EFL University Students’ Metacognitive Awareness of Reading Strategy and Its Correlation with Their Reading Comprehension
Abstract
Metacognitive awareness of reading strategy has a tremendous impact on the educational process, especially in acquiring a second language. It is concerned with not only what they suggest about how students organize their interactions with the context, but also with how they might employ the strategies that are still relevant to reading comprehension effectiveness. However, the EFL learners are still having a lack using metacognitive awareness of reading strategies significantly because of unknowing and inadequate understanding of what reading strategies to use, how and when to use them appropriately. Hence, the present study is attempted to locate the relationship between EFL learners’ metacognitive awareness of reading strategy and reading comprehension. A quantitative study, with 60 EFL students as participants, was conducted by using a questionnaire, and reading comprehension score to discover the level of EFL students’ Metacognitive Awareness of Reading Strategy. Those are the Metacognitive Awareness of Reading Strategy Inventory - revised (MARSI-R) and the Test English Proficiency (TEP) to discover the level of EFL students’ metacognitive awareness. The result of this study showed that 49 participants (mean 3.5 – >3.5), categorized as high group levels, and 11 participants (mean 2.5 – 3.4), categorized as moderate group levels.

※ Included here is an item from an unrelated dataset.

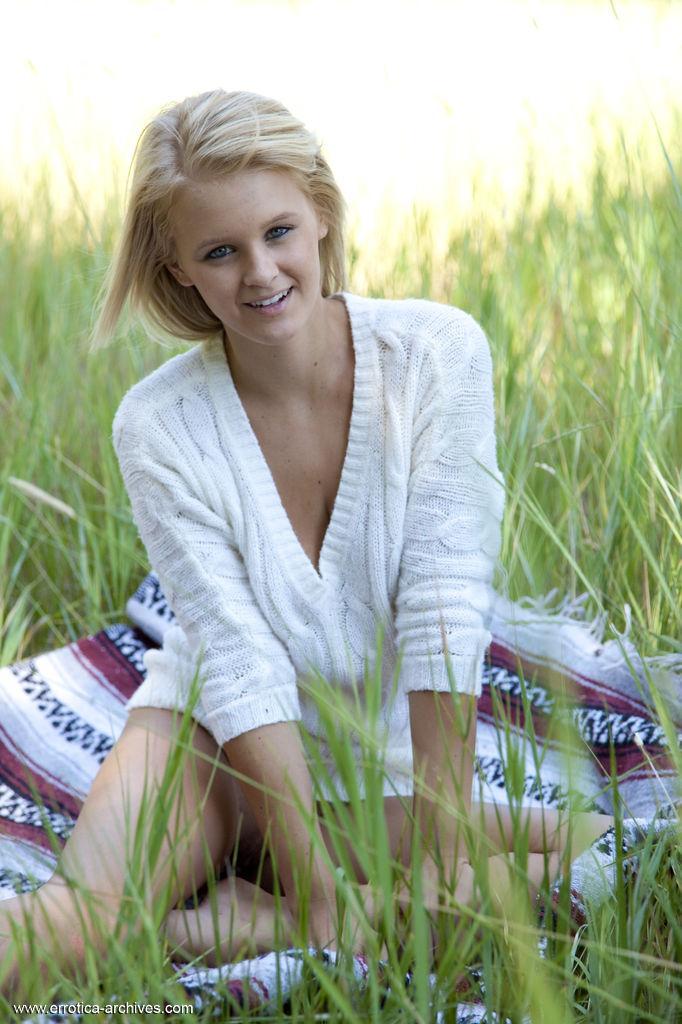 Picnic with blonde girl named Marie - 1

This research also revealed that the most strategies used by EFL learners found using PRS (Problem-solving strategies) M = 3.99; GRS (Global reading strategies) M = 3.98; and, SRS (Support reading strategies) M = 3.65. For the result of the Spearman Rho Coefficient showed that there is no correlation between EFL learners’ metacognitive awareness of reading strategy and reading comprehension (ρ value = .986).